(Data records)
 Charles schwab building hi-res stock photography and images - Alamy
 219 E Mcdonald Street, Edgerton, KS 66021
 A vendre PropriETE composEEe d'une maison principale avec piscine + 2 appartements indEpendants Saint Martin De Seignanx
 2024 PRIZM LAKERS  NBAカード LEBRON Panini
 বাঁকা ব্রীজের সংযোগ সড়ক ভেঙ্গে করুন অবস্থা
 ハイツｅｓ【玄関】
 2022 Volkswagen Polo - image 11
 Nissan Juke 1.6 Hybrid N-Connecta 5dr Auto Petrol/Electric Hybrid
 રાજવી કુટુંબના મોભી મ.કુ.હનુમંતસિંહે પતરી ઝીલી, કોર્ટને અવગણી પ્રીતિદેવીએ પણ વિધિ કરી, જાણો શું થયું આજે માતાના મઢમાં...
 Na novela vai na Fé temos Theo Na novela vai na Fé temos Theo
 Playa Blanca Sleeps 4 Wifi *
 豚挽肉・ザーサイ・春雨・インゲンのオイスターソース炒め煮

» ACTION ITEM: Every record, word for word, must be returned.

» ANSWER TO THE PROBLEM:
 Charles schwab building hi-res stock photography and images - Alamy
 219 E Mcdonald Street, Edgerton, KS 66021
 A vendre PropriETE composEEe d'une maison principale avec piscine + 2 appartements indEpendants Saint Martin De Seignanx
 2024 PRIZM LAKERS  NBAカード LEBRON Panini
 বাঁকা ব্রীজের সংযোগ সড়ক ভেঙ্গে করুন অবস্থা
 ハイツｅｓ【玄関】
 2022 Volkswagen Polo - image 11
 Nissan Juke 1.6 Hybrid N-Connecta 5dr Auto Petrol/Electric Hybrid
 રાજવી કુટુંબના મોભી મ.કુ.હનુમંતસિંહે પતરી ઝીલી, કોર્ટને અવગણી પ્રીતિદેવીએ પણ વિધિ કરી, જાણો શું થયું આજે માતાના મઢમાં...
 Na novela vai na Fé temos Theo Na novela vai na Fé temos Theo
 Playa Blanca Sleeps 4 Wifi *
 豚挽肉・ザーサイ・春雨・インゲンのオイスターソース炒め煮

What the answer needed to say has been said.